Your answer should hold exactly the lines below from the line with "白羊座吵架一周不联系正常吗(白羊座吵架一周不联系正常吗知乎)" through the line with "Lessons For Non-profit", both included, and no pictures at all.
--- RECORD EXCERPTS Enclosed Below ---
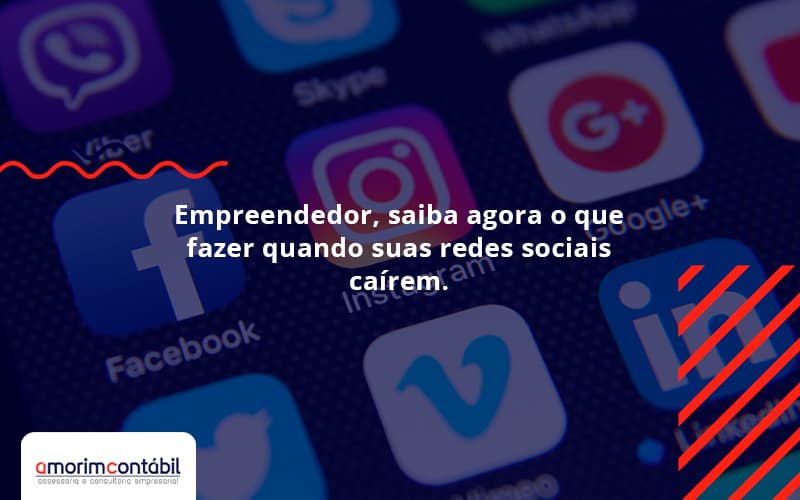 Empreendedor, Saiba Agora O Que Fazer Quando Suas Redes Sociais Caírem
--- End of Enclosed RECORD EXCERPTS ---
--- RECORD EXCERPTS Enclosed Below ---
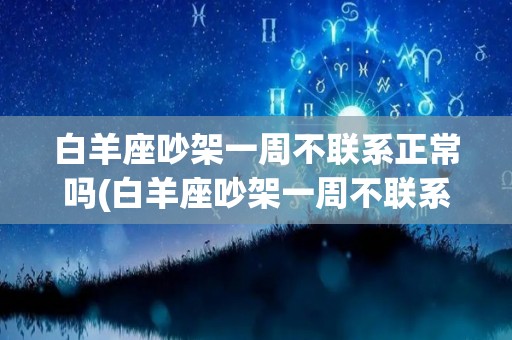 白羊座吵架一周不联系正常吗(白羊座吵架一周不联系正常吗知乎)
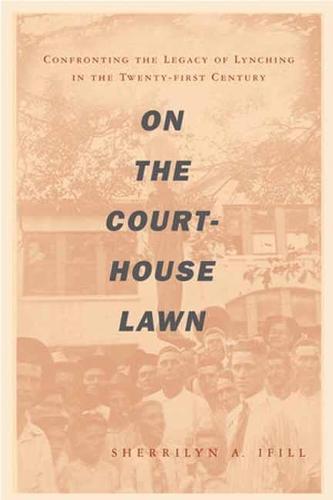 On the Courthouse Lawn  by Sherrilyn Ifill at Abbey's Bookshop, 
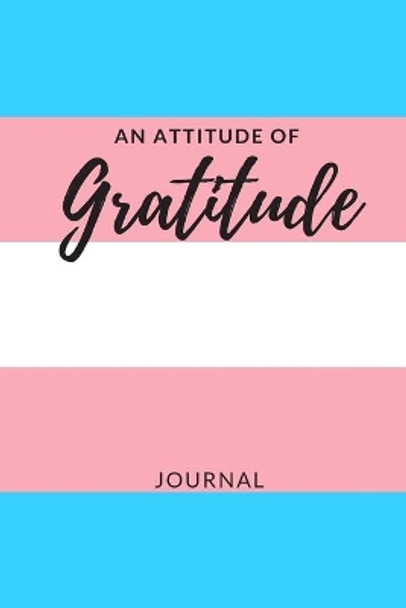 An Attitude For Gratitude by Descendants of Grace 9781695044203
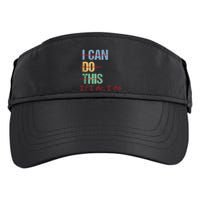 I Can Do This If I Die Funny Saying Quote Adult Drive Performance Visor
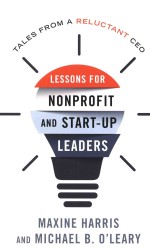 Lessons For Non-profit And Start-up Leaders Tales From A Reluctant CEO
--- End of Enclosed RECORD EXCERPTS ---
### TASK ANSWER
 白羊座吵架一周不联系正常吗(白羊座吵架一周不联系正常吗知乎)
 On the Courthouse Lawn  by Sherrilyn Ifill at Abbey's Bookshop, 
 An Attitude For Gratitude by Descendants of Grace 9781695044203
 I Can Do This If I Die Funny Saying Quote Adult Drive Performance Visor
 Lessons For Non-profit And Start-up Leaders Tales From A Reluctant CEO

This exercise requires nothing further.